On a larger scale, during the summer of 2022, the exploitation of a group of non-EU workers in a factory in the Belgian city of Antwerp was revealed.
Migrants from countries such as Turkey, Bangladesh and Ukraine were underpaid or unpaid, had no work security and suffered from bad housing.
These practices are "no longer the exception in the European Union", wrote leftwing MEP Marc Botenga in an op-ed for EUobserver.
Subcontracting is not bad in itself. It was originally conceived as a way of outsourcing tasks for which the main company was not specialised, or as a temporary solution to a market need.
But its use has changed in recent years.
"Today, subcontracting is mostly used to actually hire and find cheap and precarious labour," Tom Deleu, general secretary of the European Federation of Building and Woodworkers (EFBWW), told EUobserver.
"It used to be a transparent short chain with a main contractor and a few companies," Deleu said. "Now it is a long and very complex chain."
The shift in companies' use of subcontracting complicates enforcement — one of the main problems identified by a study commissioned by the EU executive to look at how to improve the regulation of subcontracting in the EU.
The study has not yet been published, but was presented in the European Parliament last week (Tuesday, May 30) at an event on subcontracting organised by the S&D group and the EFBWW.
"Subcontracting can be used to increase profits by lowering costs, leading to downward wage pressure," attendees heard.
The practice is most prevalent in price-sensitive and labour-intensive sectors such as construction, manufacturing or meat-processing, says Monica Andriescu, one of the authors.
Another study, commissioned by The Left group, notes: "Subcontracting makes controls by labour inspectors more difficult, as the relationships between companies are often unclear and the relevant labour laws and working conditions are obfuscated".
Long supply chains make it difficult to trace abuses and identify the actual employers and people responsible for them.
Subcontracting allows companies to gain power and profits without taking on the associated risks and responsibilities, highlights the study called: 'Subcontracting: exploitation by design.

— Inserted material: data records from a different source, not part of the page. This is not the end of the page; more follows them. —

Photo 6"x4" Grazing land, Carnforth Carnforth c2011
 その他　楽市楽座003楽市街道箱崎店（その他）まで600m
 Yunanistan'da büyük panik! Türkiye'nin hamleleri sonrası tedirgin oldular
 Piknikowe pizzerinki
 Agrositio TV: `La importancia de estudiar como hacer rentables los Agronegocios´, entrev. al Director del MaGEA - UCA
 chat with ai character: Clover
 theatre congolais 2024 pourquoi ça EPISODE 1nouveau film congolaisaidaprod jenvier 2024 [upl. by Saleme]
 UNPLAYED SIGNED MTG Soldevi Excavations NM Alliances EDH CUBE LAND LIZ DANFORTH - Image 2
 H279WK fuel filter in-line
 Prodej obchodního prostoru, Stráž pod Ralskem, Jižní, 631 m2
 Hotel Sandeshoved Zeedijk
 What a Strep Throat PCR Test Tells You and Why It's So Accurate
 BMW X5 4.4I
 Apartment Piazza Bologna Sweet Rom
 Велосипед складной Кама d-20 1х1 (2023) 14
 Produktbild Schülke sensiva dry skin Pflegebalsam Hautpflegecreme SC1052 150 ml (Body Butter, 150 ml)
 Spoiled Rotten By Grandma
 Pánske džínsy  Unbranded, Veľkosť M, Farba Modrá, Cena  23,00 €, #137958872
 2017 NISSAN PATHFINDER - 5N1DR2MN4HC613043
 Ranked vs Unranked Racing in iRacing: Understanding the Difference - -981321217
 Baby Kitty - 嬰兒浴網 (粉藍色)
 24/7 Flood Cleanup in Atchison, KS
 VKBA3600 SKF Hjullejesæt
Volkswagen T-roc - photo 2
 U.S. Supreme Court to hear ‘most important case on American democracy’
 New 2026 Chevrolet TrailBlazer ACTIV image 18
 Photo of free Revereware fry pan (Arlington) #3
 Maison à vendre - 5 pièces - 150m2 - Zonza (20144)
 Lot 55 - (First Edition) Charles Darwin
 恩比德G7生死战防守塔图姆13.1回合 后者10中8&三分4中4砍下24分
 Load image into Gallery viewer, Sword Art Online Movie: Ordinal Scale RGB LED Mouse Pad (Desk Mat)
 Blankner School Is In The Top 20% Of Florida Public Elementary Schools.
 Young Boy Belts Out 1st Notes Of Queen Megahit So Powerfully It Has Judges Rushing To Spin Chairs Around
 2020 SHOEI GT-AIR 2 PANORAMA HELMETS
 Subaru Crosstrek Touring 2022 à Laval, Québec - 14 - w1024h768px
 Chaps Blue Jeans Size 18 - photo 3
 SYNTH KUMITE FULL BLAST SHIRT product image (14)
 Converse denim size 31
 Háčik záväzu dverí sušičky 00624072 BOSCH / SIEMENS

Tackling the business model of social dumping'.
A situation that stems from both breaches of legislation, but also from gaps in the legislation, and even from the absence of a social clause to ensure that public procurement (and taxpayers' money) guarantees good working conditions.
For the EFBWW, now is a good time to ensure that direct and subcontracted workers have the same working conditions, as the commission is reviewing the Posted Workers Directive.
This is a "vague" regulation that is "interpreted differently" by member states and employers, restricting trade union action and collective agreements, Socialists & Democrats MEP Ilan de Basso told EUobserver.
"We would like to see a legislation at EU level that limits subcontracting to maximum one or two levels, to what's needed technically speaking," Deleu said.
Such provisions already exist in countries such as Italy, Belgium and Spain, but without European legislation to strengthen national rules, there will be no minimum conditions guaranteed in the 27 countries.
Moreover, liability rules, the tool used by posted workers to claim their rights, are not always effective because of their scope and conditionality.
In a new policy brief from the European Federation of Food, Agriculture and Tourism Trade Unions (EFFTA), authors recommend "replacing the current fragmented approach to subcontracting chain liability with a general EU system of joint and several (full chain) liability covering both cross-border and domestic situations".
The conclusions of the commission's study also set out a number of important points for future consideration — such as providing more information and transparency in supply chains and improving data collection to understand the scale of the situation and make comparisons across borders.